> **What you are asked to do**
Take every line from the entries below that includes the word "цена" and copy it.

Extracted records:
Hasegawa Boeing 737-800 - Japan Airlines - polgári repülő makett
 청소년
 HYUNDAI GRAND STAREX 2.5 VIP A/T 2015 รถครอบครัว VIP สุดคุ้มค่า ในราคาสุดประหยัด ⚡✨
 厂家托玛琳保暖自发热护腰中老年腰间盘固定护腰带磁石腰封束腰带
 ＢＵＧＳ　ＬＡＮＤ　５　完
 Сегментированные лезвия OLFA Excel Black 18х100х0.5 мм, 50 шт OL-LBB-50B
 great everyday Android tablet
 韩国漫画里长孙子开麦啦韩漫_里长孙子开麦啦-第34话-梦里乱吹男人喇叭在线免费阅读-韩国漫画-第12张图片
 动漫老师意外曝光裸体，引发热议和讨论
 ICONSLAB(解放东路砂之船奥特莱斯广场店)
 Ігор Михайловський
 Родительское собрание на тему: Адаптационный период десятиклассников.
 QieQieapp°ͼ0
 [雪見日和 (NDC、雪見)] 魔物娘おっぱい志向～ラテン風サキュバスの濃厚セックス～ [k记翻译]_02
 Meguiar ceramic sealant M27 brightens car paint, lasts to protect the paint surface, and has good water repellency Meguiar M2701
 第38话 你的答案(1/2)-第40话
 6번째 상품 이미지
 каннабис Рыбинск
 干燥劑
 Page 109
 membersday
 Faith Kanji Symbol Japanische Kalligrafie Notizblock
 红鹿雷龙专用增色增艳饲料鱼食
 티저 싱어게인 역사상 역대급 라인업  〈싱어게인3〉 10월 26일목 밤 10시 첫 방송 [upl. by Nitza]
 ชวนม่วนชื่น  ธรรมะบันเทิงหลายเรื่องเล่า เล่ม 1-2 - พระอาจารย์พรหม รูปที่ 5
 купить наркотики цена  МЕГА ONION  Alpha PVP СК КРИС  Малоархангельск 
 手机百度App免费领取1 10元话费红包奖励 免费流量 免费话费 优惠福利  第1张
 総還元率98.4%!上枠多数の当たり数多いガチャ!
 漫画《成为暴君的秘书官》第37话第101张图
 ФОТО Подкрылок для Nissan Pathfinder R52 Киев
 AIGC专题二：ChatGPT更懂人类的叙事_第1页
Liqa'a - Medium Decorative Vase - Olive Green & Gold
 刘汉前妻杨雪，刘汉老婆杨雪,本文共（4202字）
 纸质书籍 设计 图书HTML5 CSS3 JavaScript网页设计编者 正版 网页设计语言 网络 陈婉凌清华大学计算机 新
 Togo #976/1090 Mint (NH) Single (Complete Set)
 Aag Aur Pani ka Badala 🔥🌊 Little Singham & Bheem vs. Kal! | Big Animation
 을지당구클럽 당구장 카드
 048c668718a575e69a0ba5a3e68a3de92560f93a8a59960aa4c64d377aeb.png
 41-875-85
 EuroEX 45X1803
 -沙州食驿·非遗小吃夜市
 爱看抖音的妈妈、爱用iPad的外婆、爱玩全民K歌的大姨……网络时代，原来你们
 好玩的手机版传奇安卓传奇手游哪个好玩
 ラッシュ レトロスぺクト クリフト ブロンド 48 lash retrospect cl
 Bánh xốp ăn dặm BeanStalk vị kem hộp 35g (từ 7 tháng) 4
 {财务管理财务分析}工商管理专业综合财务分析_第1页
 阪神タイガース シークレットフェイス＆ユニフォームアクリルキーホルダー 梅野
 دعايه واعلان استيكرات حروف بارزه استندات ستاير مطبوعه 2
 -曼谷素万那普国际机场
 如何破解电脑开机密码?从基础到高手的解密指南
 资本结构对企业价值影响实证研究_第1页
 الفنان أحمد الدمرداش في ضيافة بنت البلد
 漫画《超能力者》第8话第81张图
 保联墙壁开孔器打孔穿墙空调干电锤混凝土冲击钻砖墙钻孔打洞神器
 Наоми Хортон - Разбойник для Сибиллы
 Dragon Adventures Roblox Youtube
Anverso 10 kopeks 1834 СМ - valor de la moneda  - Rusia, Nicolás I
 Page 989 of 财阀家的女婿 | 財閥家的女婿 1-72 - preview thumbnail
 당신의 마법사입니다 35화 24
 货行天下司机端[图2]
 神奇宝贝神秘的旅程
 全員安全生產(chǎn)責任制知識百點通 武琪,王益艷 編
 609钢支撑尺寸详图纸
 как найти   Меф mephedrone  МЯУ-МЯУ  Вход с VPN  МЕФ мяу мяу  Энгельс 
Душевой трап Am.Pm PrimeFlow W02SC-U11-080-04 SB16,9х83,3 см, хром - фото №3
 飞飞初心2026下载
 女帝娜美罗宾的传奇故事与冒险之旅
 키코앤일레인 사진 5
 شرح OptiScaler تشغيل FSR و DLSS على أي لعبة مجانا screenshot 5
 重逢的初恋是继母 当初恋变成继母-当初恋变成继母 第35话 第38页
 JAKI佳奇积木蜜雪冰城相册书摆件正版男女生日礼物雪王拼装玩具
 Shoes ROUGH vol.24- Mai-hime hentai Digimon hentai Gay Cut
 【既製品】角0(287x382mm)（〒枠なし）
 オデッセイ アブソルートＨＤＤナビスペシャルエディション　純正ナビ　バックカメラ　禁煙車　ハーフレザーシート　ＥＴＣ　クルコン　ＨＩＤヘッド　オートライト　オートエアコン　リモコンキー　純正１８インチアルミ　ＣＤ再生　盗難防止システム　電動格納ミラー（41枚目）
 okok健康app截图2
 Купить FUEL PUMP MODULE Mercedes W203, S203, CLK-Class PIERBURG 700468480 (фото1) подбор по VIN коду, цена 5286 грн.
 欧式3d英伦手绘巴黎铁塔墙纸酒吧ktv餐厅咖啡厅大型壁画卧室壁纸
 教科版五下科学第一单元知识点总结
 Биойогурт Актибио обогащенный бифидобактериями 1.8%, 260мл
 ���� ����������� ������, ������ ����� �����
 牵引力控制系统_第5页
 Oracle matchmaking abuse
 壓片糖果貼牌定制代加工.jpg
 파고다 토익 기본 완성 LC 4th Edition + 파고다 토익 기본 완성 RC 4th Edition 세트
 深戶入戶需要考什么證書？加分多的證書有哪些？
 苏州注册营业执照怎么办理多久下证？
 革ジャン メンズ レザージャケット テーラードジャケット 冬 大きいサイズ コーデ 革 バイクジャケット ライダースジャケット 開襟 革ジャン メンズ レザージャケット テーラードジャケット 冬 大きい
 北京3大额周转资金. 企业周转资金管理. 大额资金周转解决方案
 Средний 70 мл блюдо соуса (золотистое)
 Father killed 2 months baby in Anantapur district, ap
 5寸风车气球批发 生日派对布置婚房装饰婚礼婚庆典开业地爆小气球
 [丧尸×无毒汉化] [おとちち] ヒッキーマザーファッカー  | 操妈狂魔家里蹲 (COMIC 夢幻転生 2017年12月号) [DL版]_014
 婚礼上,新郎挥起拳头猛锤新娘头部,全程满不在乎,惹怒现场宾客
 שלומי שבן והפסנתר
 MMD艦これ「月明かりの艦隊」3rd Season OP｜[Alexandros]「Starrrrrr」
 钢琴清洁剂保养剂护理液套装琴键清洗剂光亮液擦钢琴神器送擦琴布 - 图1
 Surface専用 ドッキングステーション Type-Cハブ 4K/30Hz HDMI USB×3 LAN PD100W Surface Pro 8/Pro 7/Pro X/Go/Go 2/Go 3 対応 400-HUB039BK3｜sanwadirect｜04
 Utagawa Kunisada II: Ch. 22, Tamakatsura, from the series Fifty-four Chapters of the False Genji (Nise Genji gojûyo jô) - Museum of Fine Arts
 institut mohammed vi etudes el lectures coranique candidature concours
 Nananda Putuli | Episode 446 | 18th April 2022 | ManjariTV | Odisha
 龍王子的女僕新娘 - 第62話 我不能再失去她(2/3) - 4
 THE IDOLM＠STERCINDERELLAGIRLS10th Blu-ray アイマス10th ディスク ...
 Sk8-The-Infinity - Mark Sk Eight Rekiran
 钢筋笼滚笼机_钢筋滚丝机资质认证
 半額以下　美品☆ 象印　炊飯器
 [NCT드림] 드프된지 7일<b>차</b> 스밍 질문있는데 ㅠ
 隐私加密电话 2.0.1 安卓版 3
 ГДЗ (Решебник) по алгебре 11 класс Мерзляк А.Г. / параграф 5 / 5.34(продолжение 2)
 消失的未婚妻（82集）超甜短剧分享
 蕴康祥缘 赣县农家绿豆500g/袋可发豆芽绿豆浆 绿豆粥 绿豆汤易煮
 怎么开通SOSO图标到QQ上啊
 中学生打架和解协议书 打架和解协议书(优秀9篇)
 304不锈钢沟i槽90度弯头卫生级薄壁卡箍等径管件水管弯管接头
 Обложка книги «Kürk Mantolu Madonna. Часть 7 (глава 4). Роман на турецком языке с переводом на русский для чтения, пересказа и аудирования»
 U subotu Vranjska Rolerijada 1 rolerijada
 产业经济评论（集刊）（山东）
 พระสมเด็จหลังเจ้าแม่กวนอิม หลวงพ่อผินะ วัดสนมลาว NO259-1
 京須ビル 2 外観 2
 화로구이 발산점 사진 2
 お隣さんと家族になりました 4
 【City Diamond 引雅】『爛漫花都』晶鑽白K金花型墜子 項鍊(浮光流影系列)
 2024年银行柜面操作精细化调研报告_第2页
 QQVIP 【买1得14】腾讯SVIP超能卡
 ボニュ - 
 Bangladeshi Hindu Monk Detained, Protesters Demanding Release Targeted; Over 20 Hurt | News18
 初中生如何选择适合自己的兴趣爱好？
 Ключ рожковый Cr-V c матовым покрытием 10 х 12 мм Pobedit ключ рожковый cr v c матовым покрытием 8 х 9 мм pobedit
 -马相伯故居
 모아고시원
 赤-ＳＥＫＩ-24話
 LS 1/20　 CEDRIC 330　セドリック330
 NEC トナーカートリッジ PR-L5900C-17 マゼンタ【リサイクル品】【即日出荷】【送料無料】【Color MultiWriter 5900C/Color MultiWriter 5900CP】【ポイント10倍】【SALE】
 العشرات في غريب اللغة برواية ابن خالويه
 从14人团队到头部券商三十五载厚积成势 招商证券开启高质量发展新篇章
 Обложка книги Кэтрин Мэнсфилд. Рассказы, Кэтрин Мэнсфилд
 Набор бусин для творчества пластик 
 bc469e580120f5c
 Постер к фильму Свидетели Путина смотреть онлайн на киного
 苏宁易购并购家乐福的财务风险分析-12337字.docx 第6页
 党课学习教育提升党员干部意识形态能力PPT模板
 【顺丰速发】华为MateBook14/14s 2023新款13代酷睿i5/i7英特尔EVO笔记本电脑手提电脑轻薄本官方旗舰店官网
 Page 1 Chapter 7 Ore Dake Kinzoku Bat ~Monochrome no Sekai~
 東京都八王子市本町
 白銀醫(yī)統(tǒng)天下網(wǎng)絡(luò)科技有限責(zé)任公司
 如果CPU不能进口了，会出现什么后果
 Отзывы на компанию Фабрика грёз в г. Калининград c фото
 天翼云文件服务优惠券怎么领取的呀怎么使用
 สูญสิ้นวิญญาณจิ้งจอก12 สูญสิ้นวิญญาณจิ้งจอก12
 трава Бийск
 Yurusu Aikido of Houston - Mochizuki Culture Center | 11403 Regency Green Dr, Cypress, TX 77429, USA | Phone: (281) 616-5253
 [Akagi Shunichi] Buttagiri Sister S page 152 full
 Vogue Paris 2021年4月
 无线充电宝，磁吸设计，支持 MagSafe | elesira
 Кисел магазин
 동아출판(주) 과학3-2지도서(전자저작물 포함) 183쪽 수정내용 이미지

> **Result of the exercise**
 купить наркотики цена  МЕГА ONION  Alpha PVP СК КРИС  Малоархангельск 
 Купить FUEL PUMP MODULE Mercedes W203, S203, CLK-Class PIERBURG 700468480 (фото1) подбор по VIN коду, цена 5286 грн.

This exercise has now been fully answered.